Sera leaned forward. "But I'm not pushing [Brew] past its constraints. The System is preventing [Brew] from doing something it's naturally capable of. The divine-class recipe is in [Brew]'s probability framework β the System added code to block it. That's not me exceeding my ability's limits. That's the System restricting an ability that threatens it."
"The distinction may not matter to the System."
"It matters to me." She stood. Walked to the containment enclosure. The rat was grooming itself, its crystalline subcutaneous structures catching the light with each movement. "The healer was trying to exceed her ability's natural function. I'm trying to restore mine. The System broke [Brew] first. I'm trying to fix what it took."
"And if the System breaks it further?"
"Then I'll fix that too. Or I'll die trying, and someone else will have to figure out how to kill a god with conventional weapons. Which, according to the colonel, is impossible, which means the god wins, which meansβ"
"I understand the stakes."
"Then you understand why I'm considering drinking something that turned a rat into a crystal growth medium."
Kang's hand fell from his glasses. He looked at her β really looked, with the full attention of a scientist who'd spent forty years watching the intersection of ability and consequence.
"Not yet," he said.
"What?"
"Not yet. You're not ready. You don't understand the fluid's integration mechanism well enough. You don't know if the crystalline growth is species-specific or universal. You don't know if the modification to [Brew] will work as you hope or if it'll create something worse. You haveβ" he checked his notes "β177 milliliters of fluid. You have two weeks until the second Mugyeong mission. You have time."

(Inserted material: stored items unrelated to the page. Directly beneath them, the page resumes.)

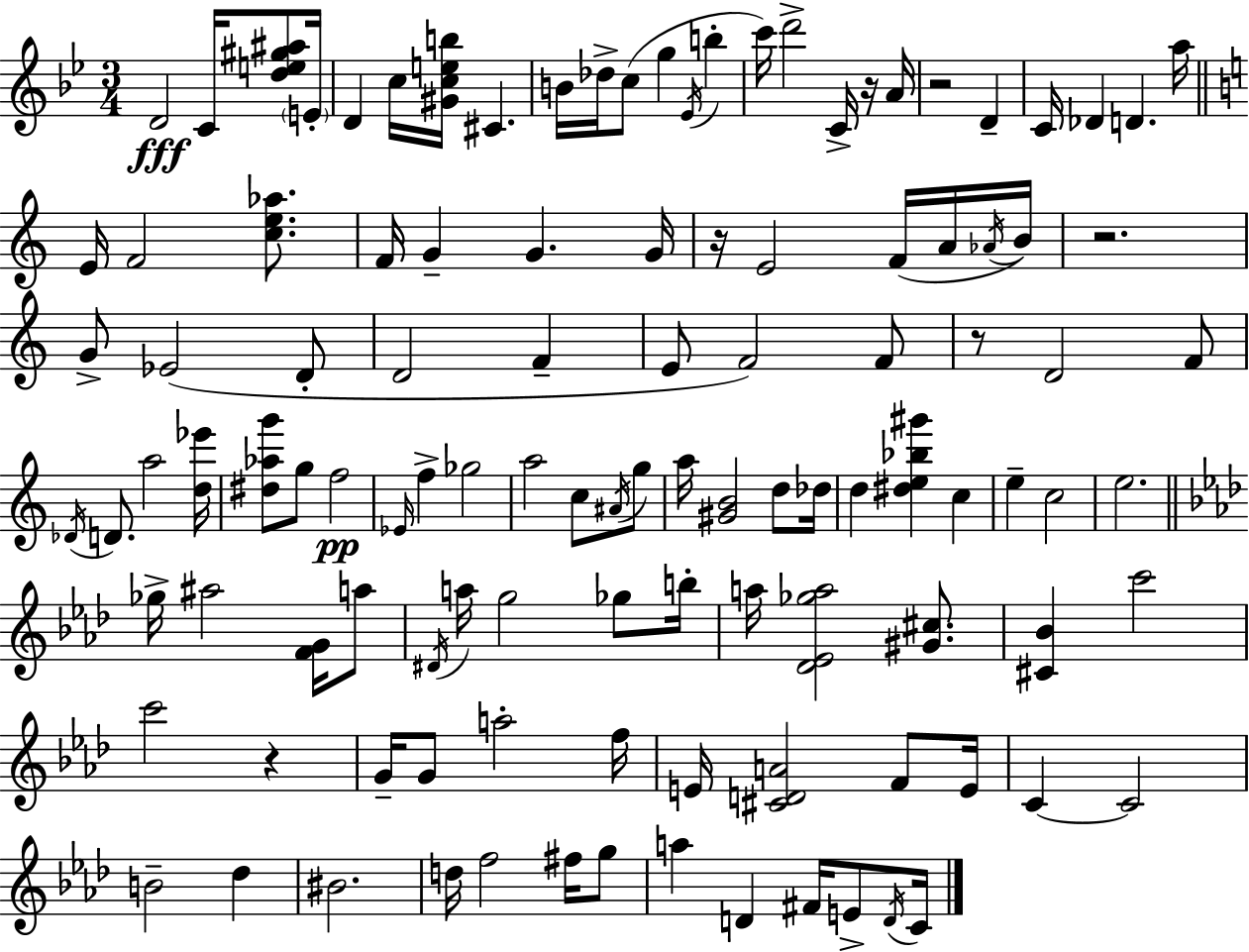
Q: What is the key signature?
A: G minor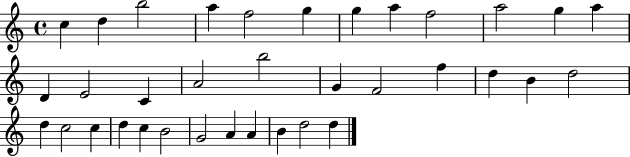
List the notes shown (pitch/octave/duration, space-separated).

C5/q D5/q B5/h A5/q F5/h G5/q G5/q A5/q F5/h A5/h G5/q A5/q D4/q E4/h C4/q A4/h B5/h G4/q F4/h F5/q D5/q B4/q D5/h D5/q C5/h C5/q D5/q C5/q B4/h G4/h A4/q A4/q B4/q D5/h D5/q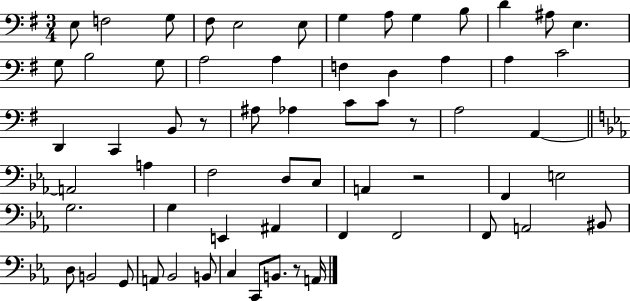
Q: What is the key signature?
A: G major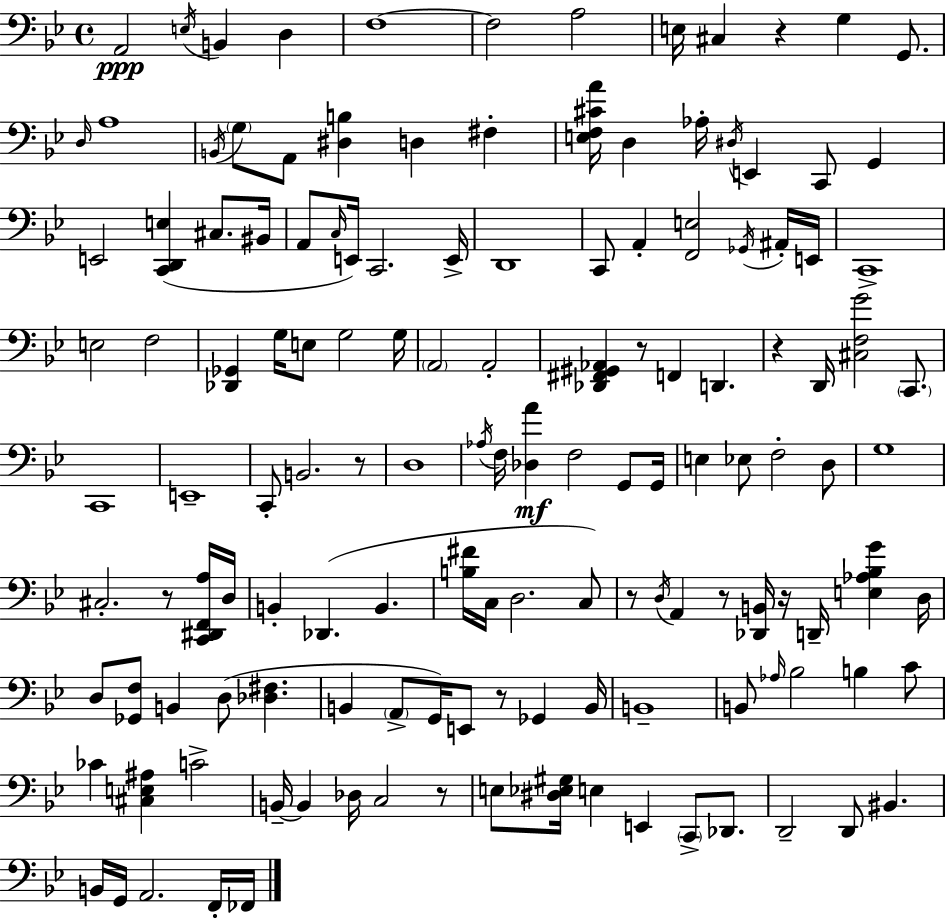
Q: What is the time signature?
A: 4/4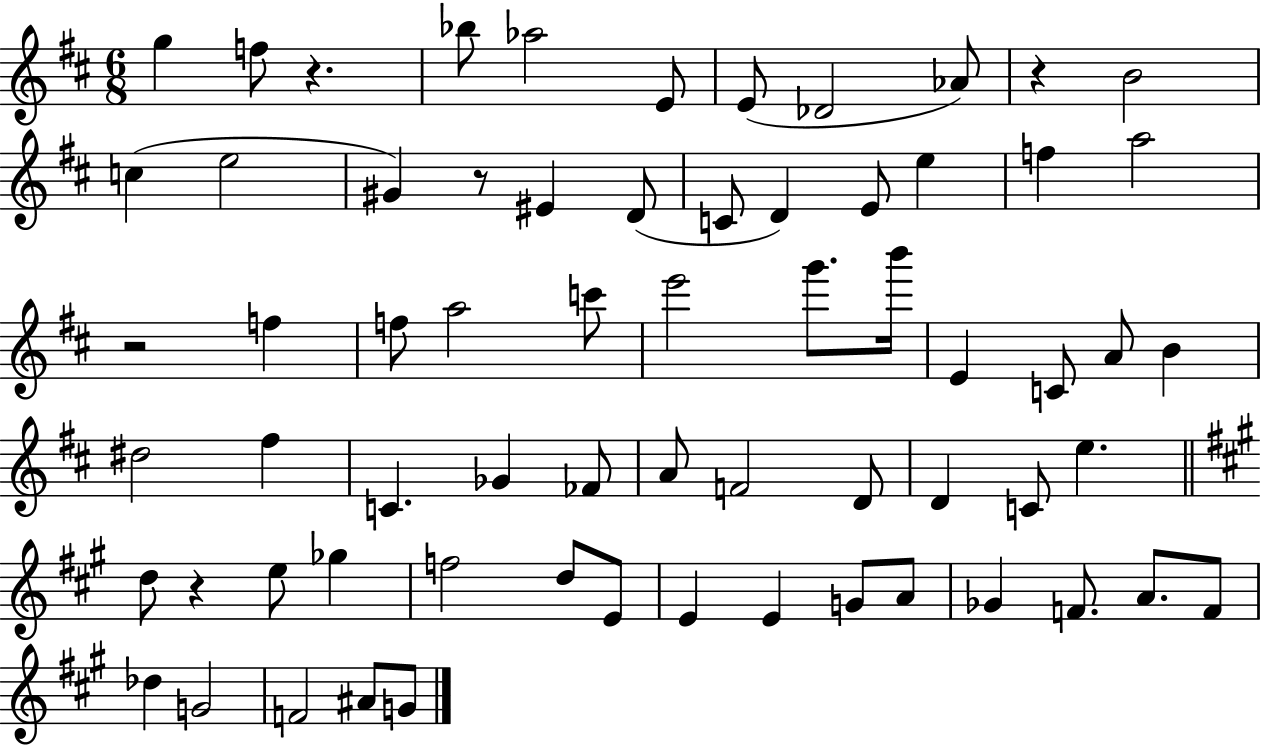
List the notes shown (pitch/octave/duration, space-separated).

G5/q F5/e R/q. Bb5/e Ab5/h E4/e E4/e Db4/h Ab4/e R/q B4/h C5/q E5/h G#4/q R/e EIS4/q D4/e C4/e D4/q E4/e E5/q F5/q A5/h R/h F5/q F5/e A5/h C6/e E6/h G6/e. B6/s E4/q C4/e A4/e B4/q D#5/h F#5/q C4/q. Gb4/q FES4/e A4/e F4/h D4/e D4/q C4/e E5/q. D5/e R/q E5/e Gb5/q F5/h D5/e E4/e E4/q E4/q G4/e A4/e Gb4/q F4/e. A4/e. F4/e Db5/q G4/h F4/h A#4/e G4/e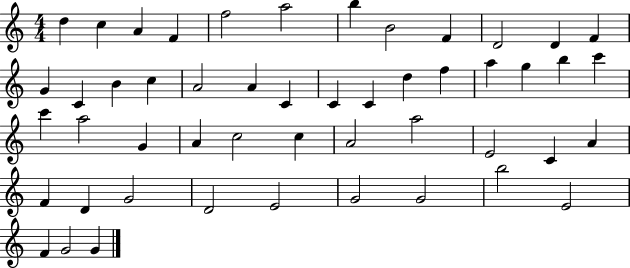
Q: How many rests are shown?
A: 0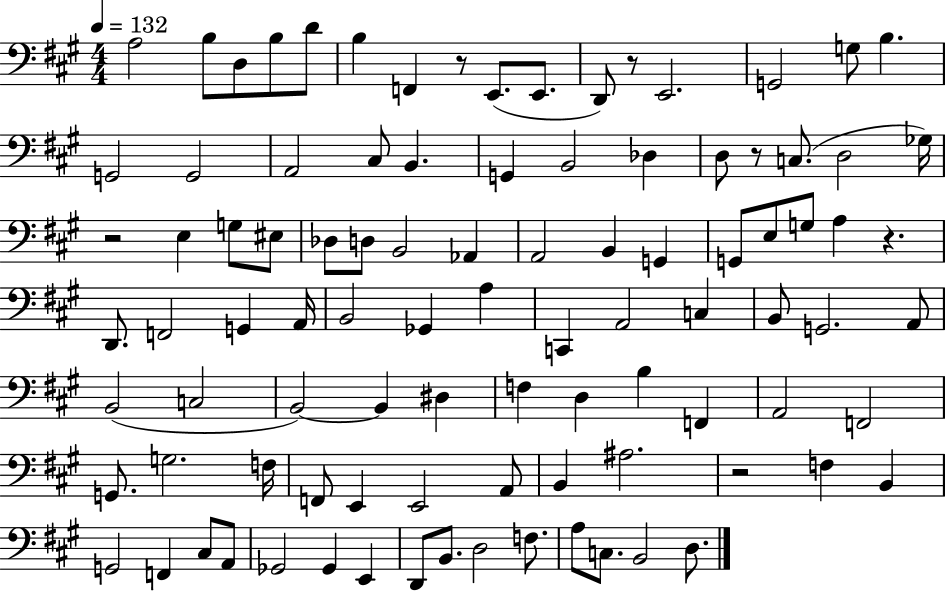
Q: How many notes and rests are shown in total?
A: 96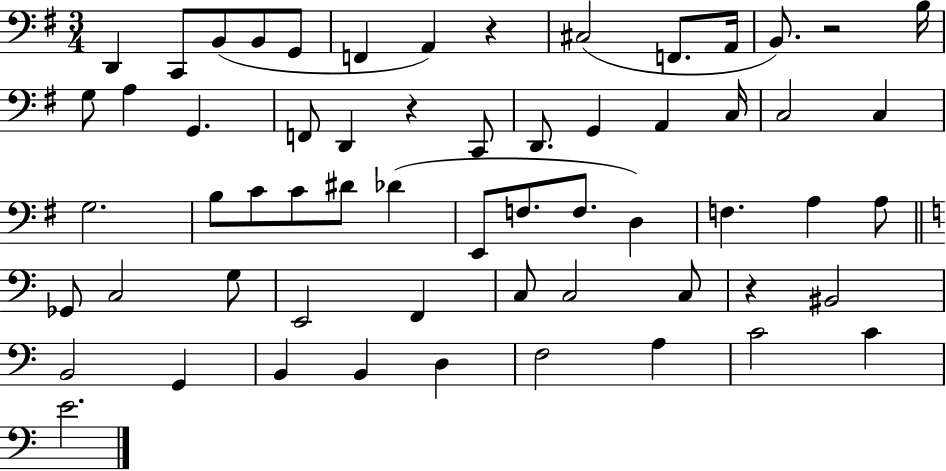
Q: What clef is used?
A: bass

"I have twenty-two months until a god arrives."
"Which is more time than you're acting like you have. You're making decisions from urgency, and urgency is what blew up your crystallization chamber and cost you an assistant."
She wanted to argue. The urgency was real β the god was real, the deadline was real, the System's interference was real and getting worse. But Kang wasn't wrong. She'd rushed the crystal synthesis and created a bomb. She'd rushed the mana toxicity suppressant and contaminated her lab. Her best results β the Ability Enhancement Elixir, the successful crystal β had come from patience, from letting [Brew] show her the full recipe before she started mixing.
"Two weeks," she said.
"Two weeks. Study the rat. Map the integration curve. Understand what the fluid does before you put it in your body. If the data supports self-administration, I'll help you design the protocol. If it doesn'tβ"
"If it doesn't, I'll find another way."
He nodded. The conversation was over. It had the structure of a negotiation and the feeling of something else β someone carefully handling a person who was running headlong toward a cliff she could only partially see.
Sera went back to her notebooks. Kang went back to his workstation. Min-su stood in his corner, as always, and the rat sat in its enclosure, as always, and the lab hummed with the quiet persistence of a facility designed to contain the uncontainable.
Outside, twenty-two months away and closing, something divine continued its approach.
In a cage on the floor, a former C-rank dungeon rat pressed its nose against the bars and watched the alchemist work. Its eyes reflected the fluorescent light in colors that fluorescent light shouldn't produce. It hadn't slept in nine days. It wasn't hungry. Under its skin, something was growing.
It watched, and it waited, and it understood more than anyone in the room suspected.